La tercera llamada indica que Sylvia Falcón ya debe salir a escena. Las encargadas de vestuario le ajustan la peluca de ondas marrones y la corona bañada en oro y decorada con gemas semipreciosas, cristales de Swarovski y plumas verdes, rojas, azules y amarillas. Los aretes dorados en forma de corazón y el cinto que fija el traje ya están listos. Sylvia Falcón sale del camerino a paso de procesión. Esta noche, por última vez, será la virgen india que canta en quechua.
 

“¿Cómo defines a Sylvia? ¿Puede cantar un huayno? Sí. ¿Puede cantar a capela? Sí. ¿Puede cantar con un piano? Sí, ¿Con guitarra? También. ¿Con un trío? También. ¿Con una orquesta? También”, dice Sylvia de sí misma y sus ojos negros relampaguean.

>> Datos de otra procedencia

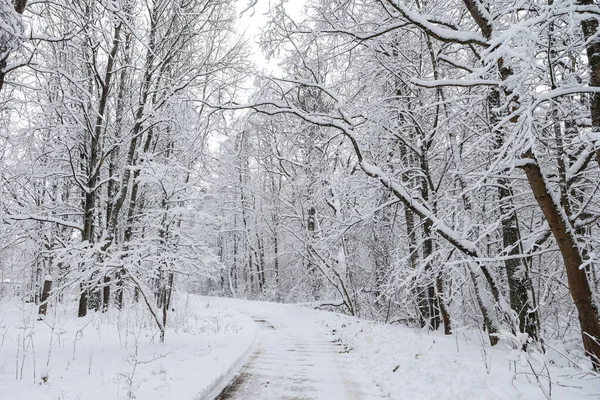 Snövit Vinterväg Genom Liten Landskapsskog Foto Tagen Kall Vinterdag — Stockfoto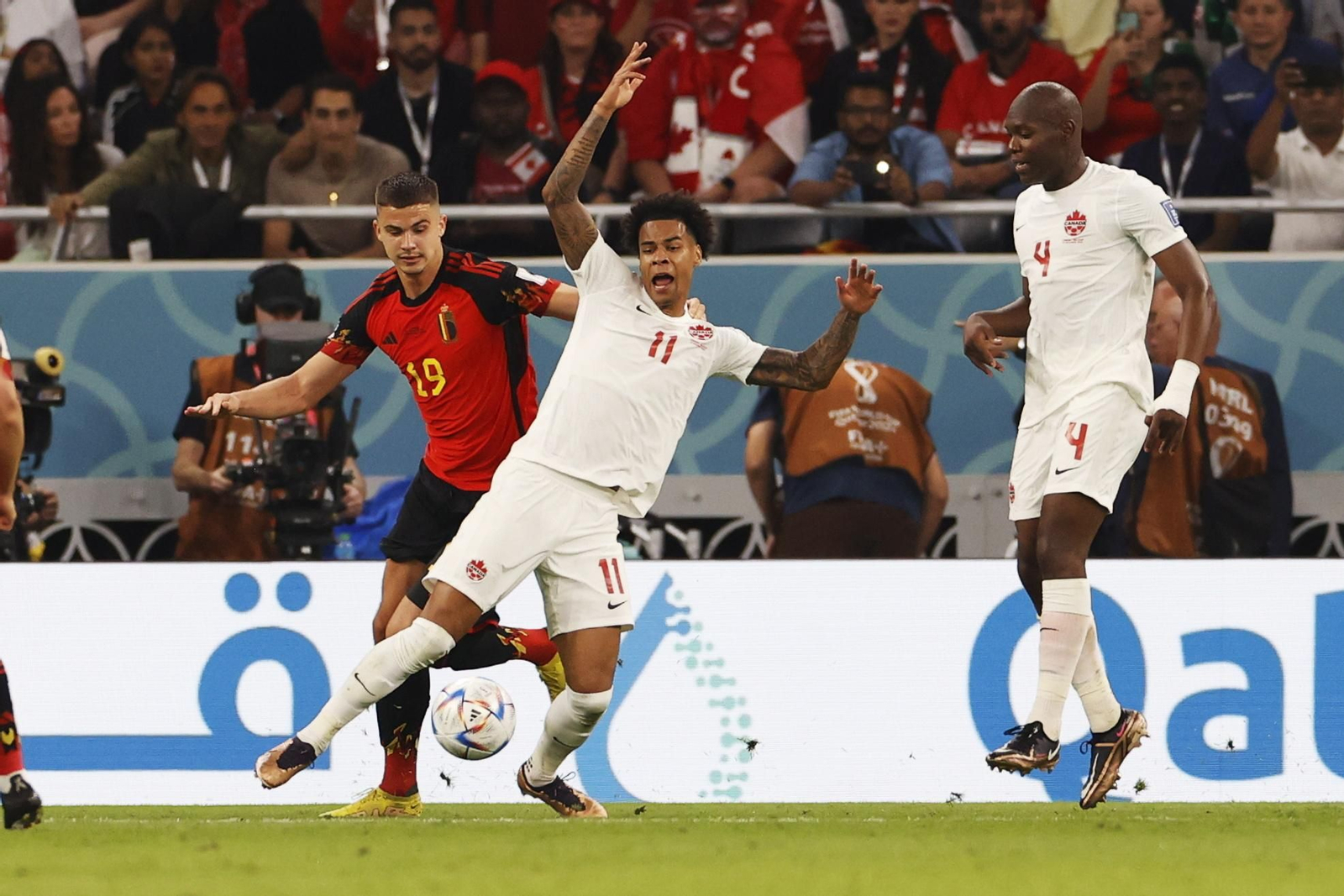 Las imágenes del Bélgica - Canadá en el Mundial de Qatar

Desde que su disco “Inkario” (2014) alcanzó la fama, a partir de la promoción de un video en el que interpreta el Himno Nacional en Runa Simi, Sylvia Falcón avanza con aplomo. Siente que nada la tomó por sorpresa. Se preparó durante años. Decidió estudiar técnica vocal en California con el tenor David Gordon. Cuatro meses en 2008. Cuatro meses en 2009. “No quería incursionar en el género y hacer un papelón. Una cosa es llegar a un agudo porque te pisan el pie y otra cosa es cantar el agudo”, dice. Gordon se dio cuenta que su voz tenía un rango enorme y que sus graves y sus mezzos era muy buenos y que podía crecer. “Él llevó mi voz a otro nivel”, asegura.

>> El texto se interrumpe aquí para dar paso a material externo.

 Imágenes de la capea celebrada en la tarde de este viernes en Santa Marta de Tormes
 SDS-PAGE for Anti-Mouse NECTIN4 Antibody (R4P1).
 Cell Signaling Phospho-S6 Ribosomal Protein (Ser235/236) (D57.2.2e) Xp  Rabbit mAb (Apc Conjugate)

Desde entonces ha llevado su música a las principales ciudades del Perú e incluso a Nueva York, la cuna donde Yma Súmac se convirtió en una celebridad. Pero no se compara con ella. No podría. “La mayor competencia siempre es conmigo misma”, dice. Acaba de lanzar su nuevo disco, “Qori Coya” (2017), pero ya prepara otro. El 19 de octubre teloneará al grupo Il Divo de Inglaterra y mientras tanto disfruta de su maternidad junto a su hija Raymi sin olvidar los cuidados de su garganta a base de muña, eucalipto, hinojo, tara, esencia de coca y frotaciones de propóleo. “No soy una obsesiva”, aclara.

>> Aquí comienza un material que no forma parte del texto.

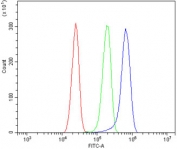 Flow cytometry testing of human U-87 MG cells with SYNPO antibody at 1ug/million cells (blocked with goat sera); Red=cells alone, Green=isotype control, Blue= SYNPO antibody.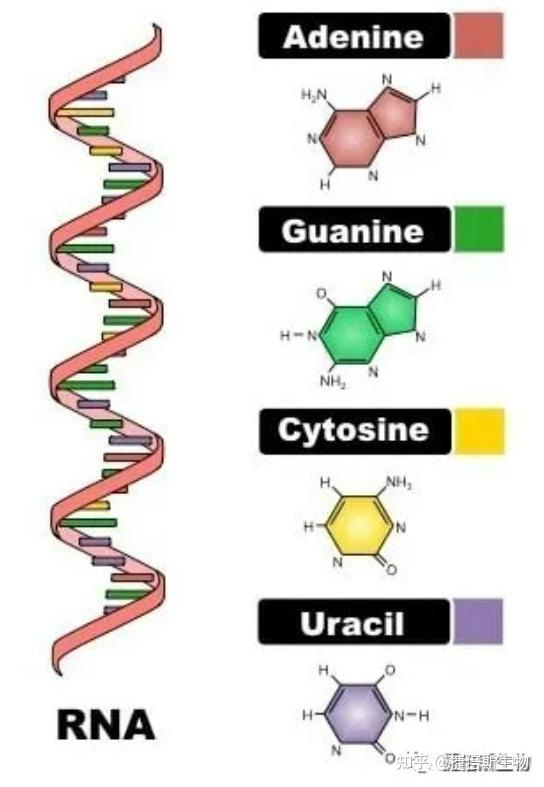 干货：一文读懂mRNA rRNA tRNA结构和功能 - 知乎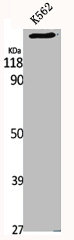 CDC42BPA antibody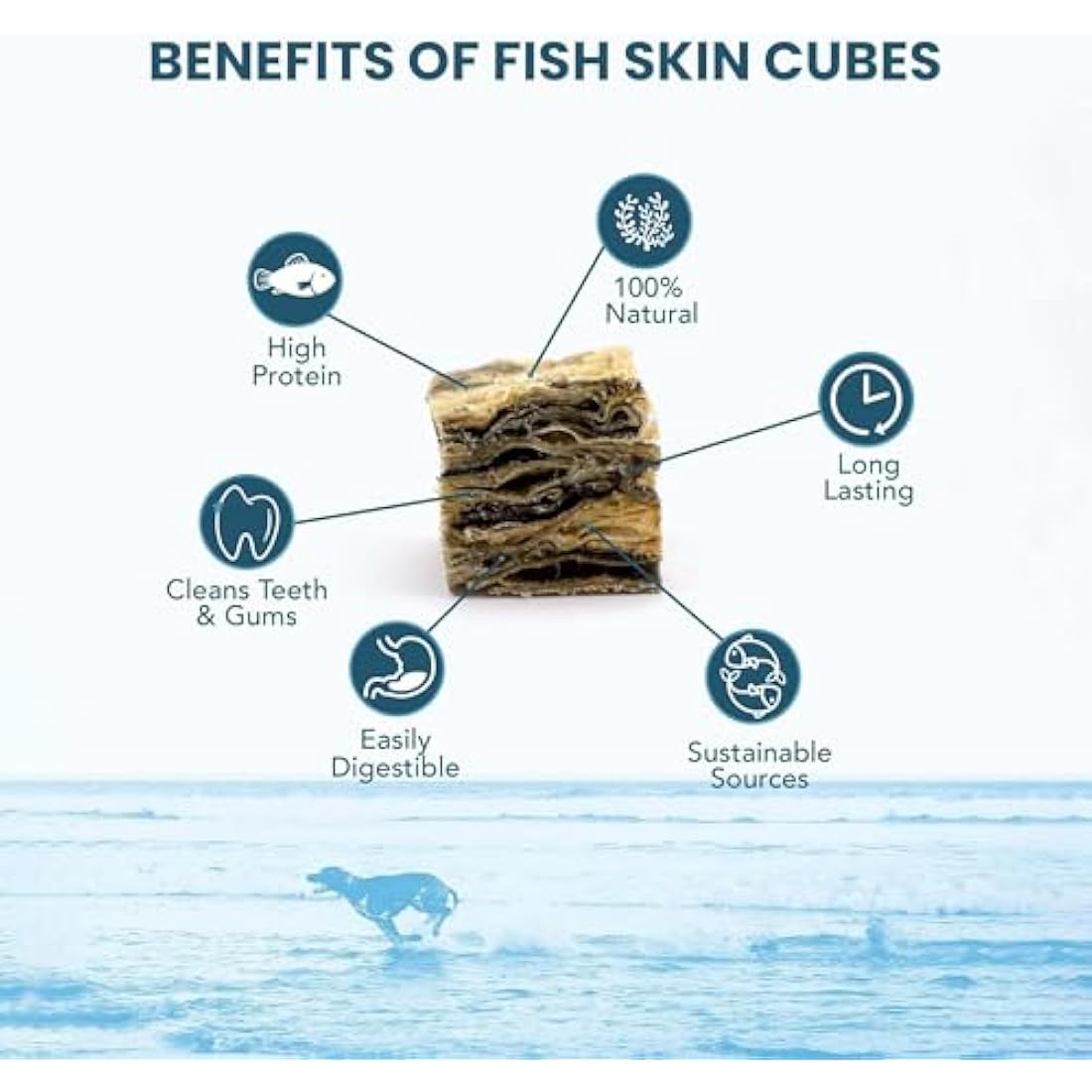 SKIPPER'S Fish Skin Jerky Cubes - Gently Air Dried Dog Treats, Healthy & Natural Treat for Dogs, Hypoallergenic Grain Free, High in Protein & Low Fat | Great for Teeth (Cube Size Extra Small,1kg Pack)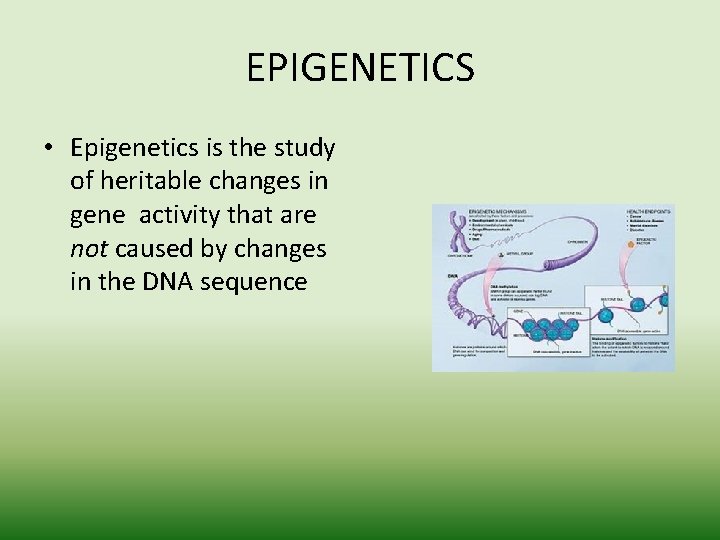 EPIGENETICS • Epigenetics is the study of heritable changes in gene activity that are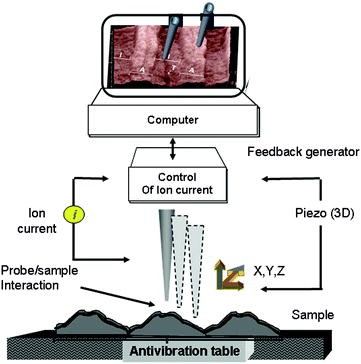 Scanning Ion Conductance Microscopy For Imaging And Mechanosensitive Activation Of Selected Areas Of Live Cells Springerlink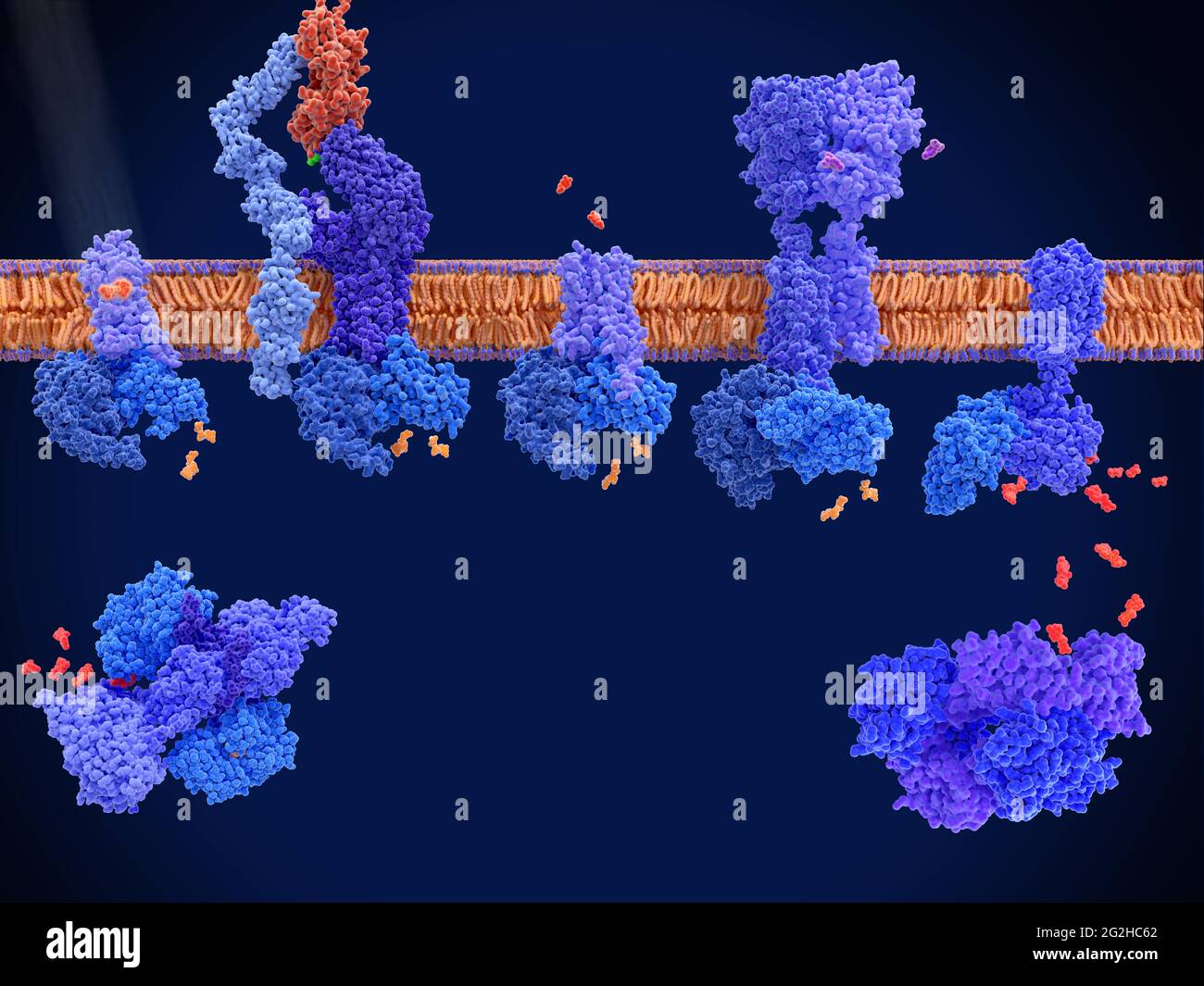 G protein-coupled receptors, molecular model Stock Photo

En medio de la noche nublada del Centro de Lima, Sylvia Falcón aparece llevada en andas por ocho indios. Es la Virgen del Rosario de Pomata. La luz la ilumina a pleno y el público aguarda en silencio. El canto coral del Aleluya en quechua retumba contra las paredes de la Iglesia de San Francisco. Y entonces su voz se impone por encima del resto de voces y un agudo extremo quiebra el mundo en dos pedazos. En la tribuna tres mujeres lloran de la emoción.